How To Build Emergency Fund in the Philippines: An Ultimate Guide

Every Filipino has experienced or knows someone close to them who has experienced an emergency.

A natural disaster that took almost everything they own and have built. An accident or a sudden medical expense. Or an unexpected job loss during a worldwide pandemic.

During these times of hardship, a lot of Filipinos are forced to do one or all of the following:

But what if the next time you encounter an emergency, you finally have the money to fund it? What if you do not have to borrow money to pay for medical expenses or to replace a broken appliance?
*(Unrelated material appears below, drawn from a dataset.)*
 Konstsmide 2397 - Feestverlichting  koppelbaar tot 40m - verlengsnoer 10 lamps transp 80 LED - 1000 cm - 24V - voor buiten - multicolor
That is what an emergency fund is for. And this article will teach you how to build one.

Table of Contents


What Is an Emergency Fund?

An emergency fund is a money set aside to be used for large unexpected expenses. These sudden expenses include payment for unforeseen medical emergencies, home appliance repair or replacement, immediate car repair, and loss of a job, among other things. 

After eliminating debt, the second most important thing to do is build your emergency fund to have a solid financial portfolio.


Why Do You Need an Emergency Fund?

Think of an emergency fund as a safety net for the curveballs that life throws at you. It gives you peace of mind that whatever happens, you have money set aside to deal with it financially.

An emergency fund can also help you avoid getting high-interest loans, like credit cards. These unsecured loans will be even harder to pay off if you already have existing loans to pay.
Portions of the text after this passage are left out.